Thursday, September 19, 2013

Ninth Circuit Rejects Constitutional Challenge to California’s Low Carbon Fuel Standard

On September 18, the Ninth Circuit handed a major victory to the California’s program to control greenhouse gas emissions from transportation fuels, turning aside constitutional challenges to the program brought by ethanol and petroleum industry interests in Rocky Mountain Farmers Union v.

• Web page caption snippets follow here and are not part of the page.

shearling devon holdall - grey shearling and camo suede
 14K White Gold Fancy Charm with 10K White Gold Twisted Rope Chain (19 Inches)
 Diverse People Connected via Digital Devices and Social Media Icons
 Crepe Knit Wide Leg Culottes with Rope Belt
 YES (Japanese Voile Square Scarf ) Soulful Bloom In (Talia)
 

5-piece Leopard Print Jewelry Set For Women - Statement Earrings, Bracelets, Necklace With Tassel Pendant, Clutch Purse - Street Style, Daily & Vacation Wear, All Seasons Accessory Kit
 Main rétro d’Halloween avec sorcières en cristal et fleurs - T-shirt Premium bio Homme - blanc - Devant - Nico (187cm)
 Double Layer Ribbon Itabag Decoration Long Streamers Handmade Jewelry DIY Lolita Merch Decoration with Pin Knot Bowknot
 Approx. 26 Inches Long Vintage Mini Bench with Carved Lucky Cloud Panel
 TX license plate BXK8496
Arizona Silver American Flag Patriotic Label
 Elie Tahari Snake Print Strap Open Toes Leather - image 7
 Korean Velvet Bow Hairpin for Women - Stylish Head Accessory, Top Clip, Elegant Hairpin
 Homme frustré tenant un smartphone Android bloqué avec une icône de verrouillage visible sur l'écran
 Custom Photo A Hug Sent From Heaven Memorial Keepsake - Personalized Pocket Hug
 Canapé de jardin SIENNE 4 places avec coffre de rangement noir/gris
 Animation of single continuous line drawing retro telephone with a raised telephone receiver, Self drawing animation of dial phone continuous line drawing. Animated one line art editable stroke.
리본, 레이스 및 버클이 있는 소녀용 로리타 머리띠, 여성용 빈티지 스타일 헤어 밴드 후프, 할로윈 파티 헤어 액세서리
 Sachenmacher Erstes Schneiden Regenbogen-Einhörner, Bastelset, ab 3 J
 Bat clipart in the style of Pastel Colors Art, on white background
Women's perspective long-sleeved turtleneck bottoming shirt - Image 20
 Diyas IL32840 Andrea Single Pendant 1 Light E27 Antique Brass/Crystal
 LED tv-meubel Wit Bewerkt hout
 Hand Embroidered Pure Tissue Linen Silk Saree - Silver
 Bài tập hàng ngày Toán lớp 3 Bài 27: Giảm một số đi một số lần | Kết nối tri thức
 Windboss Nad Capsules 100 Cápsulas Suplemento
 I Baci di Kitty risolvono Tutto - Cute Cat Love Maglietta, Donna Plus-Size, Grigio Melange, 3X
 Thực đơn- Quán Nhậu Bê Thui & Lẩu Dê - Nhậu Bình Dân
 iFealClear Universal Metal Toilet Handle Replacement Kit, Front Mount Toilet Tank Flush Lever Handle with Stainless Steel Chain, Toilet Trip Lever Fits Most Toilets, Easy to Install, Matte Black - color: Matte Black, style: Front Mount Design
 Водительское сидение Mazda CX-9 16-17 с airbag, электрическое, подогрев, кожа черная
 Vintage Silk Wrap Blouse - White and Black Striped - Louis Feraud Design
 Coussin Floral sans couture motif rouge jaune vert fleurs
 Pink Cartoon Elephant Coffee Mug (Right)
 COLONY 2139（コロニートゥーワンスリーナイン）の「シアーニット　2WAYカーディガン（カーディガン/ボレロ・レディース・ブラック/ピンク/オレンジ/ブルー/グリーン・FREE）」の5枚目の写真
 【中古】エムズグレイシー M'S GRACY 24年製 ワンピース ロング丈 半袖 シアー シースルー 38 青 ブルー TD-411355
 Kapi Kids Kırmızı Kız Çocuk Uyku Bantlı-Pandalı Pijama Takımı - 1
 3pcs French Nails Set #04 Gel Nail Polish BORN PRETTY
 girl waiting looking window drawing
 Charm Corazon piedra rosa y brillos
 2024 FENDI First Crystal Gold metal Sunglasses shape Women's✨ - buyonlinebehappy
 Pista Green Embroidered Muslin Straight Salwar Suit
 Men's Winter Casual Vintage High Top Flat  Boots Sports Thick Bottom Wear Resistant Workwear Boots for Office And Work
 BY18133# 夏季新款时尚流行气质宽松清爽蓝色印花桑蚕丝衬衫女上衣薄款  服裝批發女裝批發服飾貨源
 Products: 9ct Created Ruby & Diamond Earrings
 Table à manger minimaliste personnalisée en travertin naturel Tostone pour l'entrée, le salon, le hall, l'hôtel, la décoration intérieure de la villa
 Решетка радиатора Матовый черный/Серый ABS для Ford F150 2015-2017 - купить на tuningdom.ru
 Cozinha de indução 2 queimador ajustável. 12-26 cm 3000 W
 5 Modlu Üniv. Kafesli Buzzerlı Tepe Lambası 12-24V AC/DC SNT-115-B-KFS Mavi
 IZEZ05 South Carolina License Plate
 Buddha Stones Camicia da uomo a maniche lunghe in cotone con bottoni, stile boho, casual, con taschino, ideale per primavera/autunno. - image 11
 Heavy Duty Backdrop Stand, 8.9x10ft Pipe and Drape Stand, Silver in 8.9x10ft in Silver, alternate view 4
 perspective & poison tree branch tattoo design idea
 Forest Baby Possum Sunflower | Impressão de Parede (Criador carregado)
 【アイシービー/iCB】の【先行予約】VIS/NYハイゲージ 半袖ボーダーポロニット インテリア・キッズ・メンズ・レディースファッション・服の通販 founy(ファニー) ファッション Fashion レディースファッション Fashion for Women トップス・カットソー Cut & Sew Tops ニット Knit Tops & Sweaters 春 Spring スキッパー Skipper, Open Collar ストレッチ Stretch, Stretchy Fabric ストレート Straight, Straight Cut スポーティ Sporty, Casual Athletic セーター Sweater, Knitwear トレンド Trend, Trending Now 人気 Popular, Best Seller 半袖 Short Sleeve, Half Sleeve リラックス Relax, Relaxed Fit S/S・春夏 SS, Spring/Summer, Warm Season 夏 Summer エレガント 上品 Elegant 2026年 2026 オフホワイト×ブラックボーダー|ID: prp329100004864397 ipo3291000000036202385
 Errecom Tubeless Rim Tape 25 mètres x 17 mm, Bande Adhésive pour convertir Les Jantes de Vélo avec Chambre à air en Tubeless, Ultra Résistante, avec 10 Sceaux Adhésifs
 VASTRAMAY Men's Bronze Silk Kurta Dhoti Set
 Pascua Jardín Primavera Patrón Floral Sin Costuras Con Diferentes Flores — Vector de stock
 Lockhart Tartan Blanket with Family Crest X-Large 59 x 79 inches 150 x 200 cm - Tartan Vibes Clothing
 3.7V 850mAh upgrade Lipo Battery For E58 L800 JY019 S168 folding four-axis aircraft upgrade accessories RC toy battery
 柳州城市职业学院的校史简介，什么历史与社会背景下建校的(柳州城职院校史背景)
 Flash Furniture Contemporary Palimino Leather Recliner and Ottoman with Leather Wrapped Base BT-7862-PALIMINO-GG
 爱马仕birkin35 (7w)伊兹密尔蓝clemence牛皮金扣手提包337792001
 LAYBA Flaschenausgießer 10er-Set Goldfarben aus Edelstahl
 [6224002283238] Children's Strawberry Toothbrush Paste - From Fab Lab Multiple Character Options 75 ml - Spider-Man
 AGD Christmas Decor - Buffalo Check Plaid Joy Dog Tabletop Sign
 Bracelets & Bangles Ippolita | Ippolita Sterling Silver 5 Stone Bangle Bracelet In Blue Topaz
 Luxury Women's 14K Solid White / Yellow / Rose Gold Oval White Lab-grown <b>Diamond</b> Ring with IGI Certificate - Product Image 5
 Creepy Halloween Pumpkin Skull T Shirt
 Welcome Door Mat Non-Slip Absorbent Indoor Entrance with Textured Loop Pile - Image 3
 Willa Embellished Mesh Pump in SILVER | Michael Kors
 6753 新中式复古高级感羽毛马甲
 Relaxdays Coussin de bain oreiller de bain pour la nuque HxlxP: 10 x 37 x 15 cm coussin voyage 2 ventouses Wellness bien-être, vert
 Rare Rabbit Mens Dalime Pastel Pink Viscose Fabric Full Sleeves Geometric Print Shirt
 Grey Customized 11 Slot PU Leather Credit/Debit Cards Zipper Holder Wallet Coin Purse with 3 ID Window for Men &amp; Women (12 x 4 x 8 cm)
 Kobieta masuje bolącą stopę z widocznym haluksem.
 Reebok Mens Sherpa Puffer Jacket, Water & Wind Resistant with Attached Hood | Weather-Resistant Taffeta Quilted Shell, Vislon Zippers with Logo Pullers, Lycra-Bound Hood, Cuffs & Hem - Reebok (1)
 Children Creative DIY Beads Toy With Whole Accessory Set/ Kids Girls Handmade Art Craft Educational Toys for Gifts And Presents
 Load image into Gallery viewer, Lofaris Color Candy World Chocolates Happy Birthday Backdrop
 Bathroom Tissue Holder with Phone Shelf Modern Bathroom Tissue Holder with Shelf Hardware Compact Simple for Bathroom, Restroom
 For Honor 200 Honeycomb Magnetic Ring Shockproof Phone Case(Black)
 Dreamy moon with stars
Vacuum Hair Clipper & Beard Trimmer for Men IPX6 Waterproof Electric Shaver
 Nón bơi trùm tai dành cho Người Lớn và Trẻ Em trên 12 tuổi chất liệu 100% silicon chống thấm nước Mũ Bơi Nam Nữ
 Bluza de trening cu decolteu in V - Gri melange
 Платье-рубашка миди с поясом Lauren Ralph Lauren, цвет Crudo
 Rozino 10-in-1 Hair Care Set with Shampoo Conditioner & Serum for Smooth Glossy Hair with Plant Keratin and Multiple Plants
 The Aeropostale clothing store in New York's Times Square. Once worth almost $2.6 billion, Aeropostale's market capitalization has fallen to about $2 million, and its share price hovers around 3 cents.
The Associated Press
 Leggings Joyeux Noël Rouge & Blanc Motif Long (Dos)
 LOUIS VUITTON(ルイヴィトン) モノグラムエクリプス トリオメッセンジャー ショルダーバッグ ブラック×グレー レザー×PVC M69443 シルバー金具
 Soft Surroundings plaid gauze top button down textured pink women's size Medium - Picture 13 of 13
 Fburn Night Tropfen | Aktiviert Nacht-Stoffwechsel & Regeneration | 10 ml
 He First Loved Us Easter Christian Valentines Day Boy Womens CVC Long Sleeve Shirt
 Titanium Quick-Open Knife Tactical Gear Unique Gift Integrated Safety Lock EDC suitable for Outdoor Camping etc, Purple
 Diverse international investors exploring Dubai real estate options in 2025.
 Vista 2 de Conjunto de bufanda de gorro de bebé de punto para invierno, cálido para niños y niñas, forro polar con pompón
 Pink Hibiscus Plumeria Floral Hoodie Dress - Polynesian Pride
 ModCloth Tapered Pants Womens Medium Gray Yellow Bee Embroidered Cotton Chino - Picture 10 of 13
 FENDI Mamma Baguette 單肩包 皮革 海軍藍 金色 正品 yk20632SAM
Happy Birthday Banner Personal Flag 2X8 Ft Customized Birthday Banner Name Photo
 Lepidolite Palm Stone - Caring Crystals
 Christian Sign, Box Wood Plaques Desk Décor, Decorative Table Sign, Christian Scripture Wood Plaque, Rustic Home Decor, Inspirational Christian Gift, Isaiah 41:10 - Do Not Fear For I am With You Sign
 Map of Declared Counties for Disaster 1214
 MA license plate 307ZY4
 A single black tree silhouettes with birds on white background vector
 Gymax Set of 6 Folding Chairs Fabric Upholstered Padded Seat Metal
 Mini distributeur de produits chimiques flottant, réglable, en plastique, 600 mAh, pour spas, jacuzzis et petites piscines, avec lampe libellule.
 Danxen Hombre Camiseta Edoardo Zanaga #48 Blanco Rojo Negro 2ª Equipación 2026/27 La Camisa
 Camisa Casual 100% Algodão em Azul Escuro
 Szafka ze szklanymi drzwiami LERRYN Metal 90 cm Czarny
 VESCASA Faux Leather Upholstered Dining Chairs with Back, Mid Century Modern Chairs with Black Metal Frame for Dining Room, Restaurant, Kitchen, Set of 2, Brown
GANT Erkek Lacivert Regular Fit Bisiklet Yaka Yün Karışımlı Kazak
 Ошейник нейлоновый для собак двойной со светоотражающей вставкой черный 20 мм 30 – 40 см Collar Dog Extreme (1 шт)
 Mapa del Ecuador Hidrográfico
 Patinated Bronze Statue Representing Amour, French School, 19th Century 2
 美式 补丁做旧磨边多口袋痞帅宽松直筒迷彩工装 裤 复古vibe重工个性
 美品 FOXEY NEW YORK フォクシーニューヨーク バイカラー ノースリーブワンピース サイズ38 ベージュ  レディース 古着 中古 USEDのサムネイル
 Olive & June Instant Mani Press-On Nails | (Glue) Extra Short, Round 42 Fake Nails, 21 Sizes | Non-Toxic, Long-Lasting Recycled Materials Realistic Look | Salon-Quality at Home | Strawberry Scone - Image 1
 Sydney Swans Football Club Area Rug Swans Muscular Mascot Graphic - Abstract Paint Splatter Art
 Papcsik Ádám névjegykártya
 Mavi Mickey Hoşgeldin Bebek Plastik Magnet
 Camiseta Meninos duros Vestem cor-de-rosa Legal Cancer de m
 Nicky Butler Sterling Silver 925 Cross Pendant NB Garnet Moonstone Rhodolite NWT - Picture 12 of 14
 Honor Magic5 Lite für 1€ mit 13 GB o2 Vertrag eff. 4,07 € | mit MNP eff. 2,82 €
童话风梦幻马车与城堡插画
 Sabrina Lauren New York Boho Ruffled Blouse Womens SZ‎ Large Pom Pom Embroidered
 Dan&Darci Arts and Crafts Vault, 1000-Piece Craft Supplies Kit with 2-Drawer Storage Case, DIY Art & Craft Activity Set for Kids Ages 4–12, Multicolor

Corey (No. 12-15131).

The case arose from rulings in two separate actions in the Eastern District of California involving California’s “Low Carbon Fuel Standard.” The Low Carbon Fuel Standard is intended to reduce greenhouse gas emissions attributable to the sale of transportation fuel in California by 10 percent by 2020.  To achieve this goal, the California Air Resources Board (CARB) set “carbon intensity” standards for different fuel feedstocks, which distinguished on a geographic basis among different ethanol sources and different categories of crude oil.  The district court found that the application of Low Carbon Fuel Standards to out-of-state ethanol and crude oil production violated the Dormant Commerce Clause of the U.S. Constitution by (1) facially discriminating against out-of-state ethanol, (2) impermissibly engaging in the extraterritorial regulation of ethanol produced outside of California, and (3) having the purpose and effect of discriminating against out-of-state crude oil production.
By a 2-1 vote, the Ninth Circuit reversed all three of these rulings.  In a strongly worded opinion, Judge Gould recognized California’s authority to “create a market that recognizes the harmful costs of products with high carbon intensity,” observing that “[t]he Commerce Clause does not protect Plaintiffs’ ability to make others pay for the hidden harms of their products merely because those products are shipped across state lines.”
The panel remanded to the district court with instructions to determine whether the Low Carbon Fuel Standard’s ethanol provisions have the purpose and effect of discriminating against interstate commerce, and if not, to apply the balancing test set forth in Pike v. Bruce Church, Inc., 397 U.S. 137 (1970).  The panel also instructed the district court to apply the Pike balancing test to the standard’s crude oil provisions.
The panel affirmed the district court’s holding that the provision of the federal Clean Air Act saving California’s motor vehicle emissions standards from preemption (Section 211(c)(4)(b)) does not authorize the Low Carbon Fuel Standard under the Commerce Clause.